There is, to be sure, something understandable, even relatable within this mentality. Autodidacts strive to be pure and unblemished in their learning. They want to interact with a body of writings and feel as though they are fully in control of their own thoughts and interpretations, uncontaminated by the poisonous ideas of outside editors and commentators who typically have their own axe to grind. It’s fulfilling to know that if you have a certain thought on a certain subject, it’s something that you yourself came up with; it wasn’t just handed over to you by an interlocutor. And these kinds of autodidacts are definitely onto something. They’re not wrong to suggest, for instance, that academia has become an embarrassment, particularly in the 21st century.
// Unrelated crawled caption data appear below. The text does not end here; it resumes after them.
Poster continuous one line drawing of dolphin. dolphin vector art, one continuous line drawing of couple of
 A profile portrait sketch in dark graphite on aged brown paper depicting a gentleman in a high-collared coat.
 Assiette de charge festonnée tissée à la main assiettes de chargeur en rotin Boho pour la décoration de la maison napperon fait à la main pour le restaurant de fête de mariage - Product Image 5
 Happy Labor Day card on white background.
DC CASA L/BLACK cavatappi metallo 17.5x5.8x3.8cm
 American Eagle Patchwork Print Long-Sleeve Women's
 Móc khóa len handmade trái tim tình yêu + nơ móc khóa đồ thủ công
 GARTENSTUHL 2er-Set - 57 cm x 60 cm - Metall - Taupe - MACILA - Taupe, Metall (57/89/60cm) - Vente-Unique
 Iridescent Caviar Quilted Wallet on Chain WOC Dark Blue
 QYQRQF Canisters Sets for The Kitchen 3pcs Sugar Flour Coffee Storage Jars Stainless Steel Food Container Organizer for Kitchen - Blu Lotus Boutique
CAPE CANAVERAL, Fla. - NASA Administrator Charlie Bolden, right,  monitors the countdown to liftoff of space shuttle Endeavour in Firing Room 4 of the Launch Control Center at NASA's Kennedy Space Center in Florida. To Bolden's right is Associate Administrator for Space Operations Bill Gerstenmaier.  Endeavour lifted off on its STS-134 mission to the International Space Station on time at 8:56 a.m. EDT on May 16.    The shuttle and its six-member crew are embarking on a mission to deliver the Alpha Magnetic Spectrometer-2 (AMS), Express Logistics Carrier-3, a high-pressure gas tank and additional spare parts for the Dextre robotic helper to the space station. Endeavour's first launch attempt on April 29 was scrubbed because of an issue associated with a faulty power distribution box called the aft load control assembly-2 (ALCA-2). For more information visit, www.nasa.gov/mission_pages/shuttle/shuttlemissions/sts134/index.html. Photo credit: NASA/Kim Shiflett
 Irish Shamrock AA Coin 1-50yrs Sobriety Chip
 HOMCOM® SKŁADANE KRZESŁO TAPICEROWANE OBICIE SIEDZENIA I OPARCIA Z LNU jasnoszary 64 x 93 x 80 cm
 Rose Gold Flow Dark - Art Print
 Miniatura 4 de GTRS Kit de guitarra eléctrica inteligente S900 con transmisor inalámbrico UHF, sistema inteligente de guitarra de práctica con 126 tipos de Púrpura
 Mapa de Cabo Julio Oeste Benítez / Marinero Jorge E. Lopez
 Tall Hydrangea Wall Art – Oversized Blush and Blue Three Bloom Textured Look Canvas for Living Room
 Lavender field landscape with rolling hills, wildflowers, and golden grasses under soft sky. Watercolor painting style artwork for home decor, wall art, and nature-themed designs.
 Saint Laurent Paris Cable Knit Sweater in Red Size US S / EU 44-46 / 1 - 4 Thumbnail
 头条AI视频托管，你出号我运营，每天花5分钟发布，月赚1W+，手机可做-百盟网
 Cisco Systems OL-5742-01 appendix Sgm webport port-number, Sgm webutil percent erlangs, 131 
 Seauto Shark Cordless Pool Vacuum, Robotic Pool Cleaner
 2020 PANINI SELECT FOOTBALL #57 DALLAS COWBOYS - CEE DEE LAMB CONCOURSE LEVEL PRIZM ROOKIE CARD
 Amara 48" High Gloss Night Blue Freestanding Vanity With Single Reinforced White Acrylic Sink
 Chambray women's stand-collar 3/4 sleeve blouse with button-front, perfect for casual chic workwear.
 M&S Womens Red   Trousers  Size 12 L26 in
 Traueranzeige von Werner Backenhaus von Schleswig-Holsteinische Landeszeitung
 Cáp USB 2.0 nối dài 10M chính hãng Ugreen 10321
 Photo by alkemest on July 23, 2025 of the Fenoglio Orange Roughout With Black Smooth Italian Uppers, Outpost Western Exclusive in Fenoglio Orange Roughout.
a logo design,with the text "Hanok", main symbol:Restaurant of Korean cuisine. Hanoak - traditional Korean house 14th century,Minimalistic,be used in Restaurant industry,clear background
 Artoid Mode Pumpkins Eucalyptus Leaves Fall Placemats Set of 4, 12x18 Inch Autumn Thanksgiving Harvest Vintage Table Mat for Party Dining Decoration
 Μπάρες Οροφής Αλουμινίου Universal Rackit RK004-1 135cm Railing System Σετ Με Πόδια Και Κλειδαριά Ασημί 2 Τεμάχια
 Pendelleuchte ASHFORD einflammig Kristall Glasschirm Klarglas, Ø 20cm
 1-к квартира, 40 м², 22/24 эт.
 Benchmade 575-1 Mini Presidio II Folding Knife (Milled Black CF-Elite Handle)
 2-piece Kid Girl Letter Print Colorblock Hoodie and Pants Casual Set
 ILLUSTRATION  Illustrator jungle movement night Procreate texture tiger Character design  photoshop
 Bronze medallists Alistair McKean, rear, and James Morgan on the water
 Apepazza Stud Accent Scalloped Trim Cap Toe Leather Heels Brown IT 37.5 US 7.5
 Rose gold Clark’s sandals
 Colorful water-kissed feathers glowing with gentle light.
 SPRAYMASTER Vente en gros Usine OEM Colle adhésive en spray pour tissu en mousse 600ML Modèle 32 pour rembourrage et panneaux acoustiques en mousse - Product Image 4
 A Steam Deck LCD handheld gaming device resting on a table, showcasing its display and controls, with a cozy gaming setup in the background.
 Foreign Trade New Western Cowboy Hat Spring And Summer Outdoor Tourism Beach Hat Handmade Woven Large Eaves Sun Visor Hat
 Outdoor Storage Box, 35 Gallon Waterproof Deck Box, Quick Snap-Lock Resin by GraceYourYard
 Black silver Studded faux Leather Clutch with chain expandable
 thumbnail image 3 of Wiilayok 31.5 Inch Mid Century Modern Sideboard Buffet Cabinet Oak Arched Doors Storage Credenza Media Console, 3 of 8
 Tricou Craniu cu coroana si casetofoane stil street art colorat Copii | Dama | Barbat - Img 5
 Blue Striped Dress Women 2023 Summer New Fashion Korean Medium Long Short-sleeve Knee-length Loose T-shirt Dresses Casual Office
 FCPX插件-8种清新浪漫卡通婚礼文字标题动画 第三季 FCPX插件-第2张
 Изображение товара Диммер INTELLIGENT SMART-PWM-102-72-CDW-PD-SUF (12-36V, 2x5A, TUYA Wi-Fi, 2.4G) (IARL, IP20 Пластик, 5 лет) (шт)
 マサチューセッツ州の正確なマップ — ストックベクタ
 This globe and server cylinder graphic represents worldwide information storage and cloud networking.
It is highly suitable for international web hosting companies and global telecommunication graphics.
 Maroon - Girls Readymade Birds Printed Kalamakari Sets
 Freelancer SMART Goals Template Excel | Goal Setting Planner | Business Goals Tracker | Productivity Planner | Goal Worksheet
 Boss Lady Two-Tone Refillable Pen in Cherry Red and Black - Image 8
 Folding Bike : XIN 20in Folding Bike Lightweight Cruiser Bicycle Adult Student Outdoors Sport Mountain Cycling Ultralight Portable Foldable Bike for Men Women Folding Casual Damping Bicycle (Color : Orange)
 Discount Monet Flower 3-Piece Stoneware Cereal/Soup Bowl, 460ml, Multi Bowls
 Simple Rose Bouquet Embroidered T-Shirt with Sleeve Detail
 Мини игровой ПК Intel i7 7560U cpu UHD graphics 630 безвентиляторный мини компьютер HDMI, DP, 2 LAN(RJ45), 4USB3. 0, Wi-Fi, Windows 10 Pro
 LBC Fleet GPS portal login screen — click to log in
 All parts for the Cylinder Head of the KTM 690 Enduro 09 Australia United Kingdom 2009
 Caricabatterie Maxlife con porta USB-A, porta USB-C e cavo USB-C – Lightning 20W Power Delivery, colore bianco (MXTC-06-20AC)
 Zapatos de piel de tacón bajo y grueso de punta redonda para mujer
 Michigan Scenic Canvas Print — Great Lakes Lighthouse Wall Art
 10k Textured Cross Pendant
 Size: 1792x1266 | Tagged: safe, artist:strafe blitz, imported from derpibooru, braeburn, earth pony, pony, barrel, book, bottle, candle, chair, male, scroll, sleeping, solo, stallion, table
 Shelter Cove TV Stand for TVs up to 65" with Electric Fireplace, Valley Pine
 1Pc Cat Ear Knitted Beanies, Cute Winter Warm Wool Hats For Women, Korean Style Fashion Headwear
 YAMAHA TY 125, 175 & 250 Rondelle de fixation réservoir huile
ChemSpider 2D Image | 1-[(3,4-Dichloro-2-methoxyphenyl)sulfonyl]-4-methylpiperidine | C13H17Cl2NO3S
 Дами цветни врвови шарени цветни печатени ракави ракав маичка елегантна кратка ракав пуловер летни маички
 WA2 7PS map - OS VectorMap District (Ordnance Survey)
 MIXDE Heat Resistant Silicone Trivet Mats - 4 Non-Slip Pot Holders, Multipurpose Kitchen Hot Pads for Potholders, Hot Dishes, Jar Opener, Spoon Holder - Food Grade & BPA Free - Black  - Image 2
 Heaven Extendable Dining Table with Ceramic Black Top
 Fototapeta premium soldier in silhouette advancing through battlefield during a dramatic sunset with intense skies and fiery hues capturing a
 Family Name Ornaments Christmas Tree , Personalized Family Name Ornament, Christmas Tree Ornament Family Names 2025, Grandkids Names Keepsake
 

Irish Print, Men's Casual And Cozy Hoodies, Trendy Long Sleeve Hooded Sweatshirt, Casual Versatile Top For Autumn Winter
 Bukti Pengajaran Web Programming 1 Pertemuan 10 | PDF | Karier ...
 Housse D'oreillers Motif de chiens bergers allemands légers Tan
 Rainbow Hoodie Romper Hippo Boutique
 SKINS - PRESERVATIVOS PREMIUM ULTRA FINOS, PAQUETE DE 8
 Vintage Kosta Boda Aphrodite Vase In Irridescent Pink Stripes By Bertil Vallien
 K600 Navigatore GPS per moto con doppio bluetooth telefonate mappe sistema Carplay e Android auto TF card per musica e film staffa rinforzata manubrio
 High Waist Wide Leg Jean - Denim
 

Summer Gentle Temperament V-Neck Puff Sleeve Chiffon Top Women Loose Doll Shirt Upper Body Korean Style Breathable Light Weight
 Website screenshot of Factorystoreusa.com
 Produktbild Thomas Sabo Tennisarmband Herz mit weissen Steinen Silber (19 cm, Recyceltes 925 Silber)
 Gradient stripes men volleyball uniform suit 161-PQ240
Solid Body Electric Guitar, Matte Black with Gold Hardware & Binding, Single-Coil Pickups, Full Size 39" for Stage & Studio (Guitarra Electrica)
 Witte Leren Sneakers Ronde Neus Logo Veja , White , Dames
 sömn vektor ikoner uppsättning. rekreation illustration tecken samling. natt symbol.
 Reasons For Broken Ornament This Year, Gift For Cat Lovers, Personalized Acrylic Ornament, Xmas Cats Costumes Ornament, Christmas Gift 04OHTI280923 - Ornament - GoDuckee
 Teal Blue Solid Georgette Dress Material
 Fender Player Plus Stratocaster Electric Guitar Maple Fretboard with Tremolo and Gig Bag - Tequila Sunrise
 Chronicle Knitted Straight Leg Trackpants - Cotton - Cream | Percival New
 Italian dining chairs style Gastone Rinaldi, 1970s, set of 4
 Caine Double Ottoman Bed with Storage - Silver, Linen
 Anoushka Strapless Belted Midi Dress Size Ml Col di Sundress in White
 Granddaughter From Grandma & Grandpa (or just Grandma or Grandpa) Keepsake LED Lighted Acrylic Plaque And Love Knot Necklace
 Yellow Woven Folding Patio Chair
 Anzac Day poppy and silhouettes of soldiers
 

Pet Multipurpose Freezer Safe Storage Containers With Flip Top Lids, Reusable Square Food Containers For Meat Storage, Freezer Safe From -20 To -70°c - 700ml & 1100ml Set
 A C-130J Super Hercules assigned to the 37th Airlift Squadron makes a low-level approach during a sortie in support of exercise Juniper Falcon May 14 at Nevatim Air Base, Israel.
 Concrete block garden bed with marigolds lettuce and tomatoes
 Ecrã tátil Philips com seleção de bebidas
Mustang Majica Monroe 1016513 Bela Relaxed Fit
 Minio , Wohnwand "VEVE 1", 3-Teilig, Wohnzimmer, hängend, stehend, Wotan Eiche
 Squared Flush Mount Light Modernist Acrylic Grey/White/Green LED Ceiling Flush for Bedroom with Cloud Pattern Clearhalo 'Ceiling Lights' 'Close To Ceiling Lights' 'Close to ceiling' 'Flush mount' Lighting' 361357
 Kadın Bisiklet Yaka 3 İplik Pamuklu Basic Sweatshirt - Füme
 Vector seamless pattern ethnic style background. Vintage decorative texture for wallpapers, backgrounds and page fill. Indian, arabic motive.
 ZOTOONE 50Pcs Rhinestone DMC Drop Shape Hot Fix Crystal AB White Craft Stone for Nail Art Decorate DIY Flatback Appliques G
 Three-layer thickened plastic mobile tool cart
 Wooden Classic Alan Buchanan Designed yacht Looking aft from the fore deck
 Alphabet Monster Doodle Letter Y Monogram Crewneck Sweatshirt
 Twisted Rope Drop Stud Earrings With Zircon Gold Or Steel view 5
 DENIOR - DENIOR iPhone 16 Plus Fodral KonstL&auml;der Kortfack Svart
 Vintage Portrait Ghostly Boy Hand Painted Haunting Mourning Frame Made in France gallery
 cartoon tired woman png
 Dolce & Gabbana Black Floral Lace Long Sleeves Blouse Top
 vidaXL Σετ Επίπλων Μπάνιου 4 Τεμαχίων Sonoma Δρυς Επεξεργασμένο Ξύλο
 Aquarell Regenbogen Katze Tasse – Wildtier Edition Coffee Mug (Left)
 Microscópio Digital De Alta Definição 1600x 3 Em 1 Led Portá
Nonetheless, it remains true that skepticism towards secondary sources can be a major pitfall for autodidacts. And it can take a couple forms.
III.
One such form is the kind of skepticism that creates the desire to read every single writer directly before reading any kind of commentary on him. With literature, I think this is quite understandable… up to a point. Obviously, we read literature because we want the language to impress us. People have recently rediscovered an amusing quote from that movie Metropolitan in which some lame guy says, “I don't read novels. I prefer good literary criticism. That way you get both the novelists' ideas as well as the critics' thinking.” And yes, this is clearly absurd, especially when you consider that he’s saying this in the context of Jane Austen novels. The best literature isn’t even about “ideas” at all, if we’re being honest. It’s about style and poesy, or, often in the case of novels, psychological exploration. It’s about making the reader truly conscious of what was already known to her. But what exactly do you do when the literature is more or less impenetrable? Think of Ezra Pound’s Cantos — is it really so shameful to want some scholarly footnotes when you have no idea what Pound is going on about, and you can sense that there is in fact a distinct answer? Maybe you’ll want to keep it “pure” on the first reading, but if you find yourself enjoying the poetry, you’re going to feel yourself naturally growing curious about what each reference might mean. Moving further back in time, most of us will agree that Dante is great, but are you really going to read John Ciardi’s translation of The Divine Comedy, or maybe Robert Durling’s, and not pay attention to the notes? Even assuming that Dante was a great Man Against Time, someone who singlehandedly disproves the historicist view that everyone (no matter how ingenious) is merely a product of circumstance, you still should want to know the historical circumstances that Dante was actively opposing, since his poetry is inseparable from them.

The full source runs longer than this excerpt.